The premise was simple: gather student leaders from the four district high schools to talk about bullying and to take steps to empower other students to stand up and say, “Bullying needs to end. And we’re going to end it.”

I’ve been a high school teacher in California for 22 years, the last 10 at Cathedral City High School. I had no idea bullying was such a deep and insidious problem. In preparation for the symposium, I conducted two hours of interviews with students from Mt. San Jacinto and Cathedral City High School about bullying.

There was the story of a CCHS sophomore girl who had her lunch punched to mulch every day in elementary school, and she went hungry. There is still pain in her face when she recalls those times, many years ago.

There was the girl at Mt. San Jacinto whose brother was kicked in the stomach and thrown in a trash can by his relatives. “Family shouldn’t do that to family,” she said, as her voice faded away in indignation.

There was the student who stood up for “the nerd” and got suspended and placed on probation. And then there was the bully himself, who, when finally confronted by his victim, eventually relented and became, instead, a friend.

And finally there was my student, someone I see everyday in English Class and later in the day in digital storytelling Class, who stood up Monday morning, among a theater full of her peers, and, through tears and a choking voice, told her story:

“Hi everybody. My name is Marisa Smith and I go to Cathedral City High School. And I've never really had any bullying done to me, but something happened to my sister a couple weeks ago.

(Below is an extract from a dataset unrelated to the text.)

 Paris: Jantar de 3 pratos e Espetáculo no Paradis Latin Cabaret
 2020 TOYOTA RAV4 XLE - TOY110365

“She was being pushed in the P.E. lockers and called names, and it made me really mad because it was two girls that were doing this to her. It wasn’t just one girl.

“And what made me even madder was that nobody said anything, and you guys all know how crowded the lockers get.

“Not one person did anything for her, and it just makes me mad that that’s how kids are. You know nobody will stand up and say anything because it’s just one person. If it’s everybody, those kids are gonna step down.”

The tables were turned Monday at the symposium--on purpose. Adults were there to listen to students, students who shared their stories and talked in calm and measured voices about their hurt and outrage.

One of the most strident voices was Kendra Ongalibang, a senior at Desert Hot Springs, whom my colleague David Vogel calls “the next Oprah,” for her intelligence and her passion and her charisma.

On her own volition, Kendra has started an anti-bullying campaign that she takes to the middle schools. It is such a game-changer that at the end of the presentation, she has bullies standing up and apologizing to their classmates. After the symposium, Kendra shared her expertise with other student leaders in the hallway of the TEC, sowing the seeds of change.

Kendra makes us all accountable for bullying; in this case, you really are part of the problem if you are not part of the solution. We’re all those kids in the locker room, standing there, watching someone be bullied. But we don’t have to be.

If we are decisive and determined and shoulder to shoulder, we can make them step down.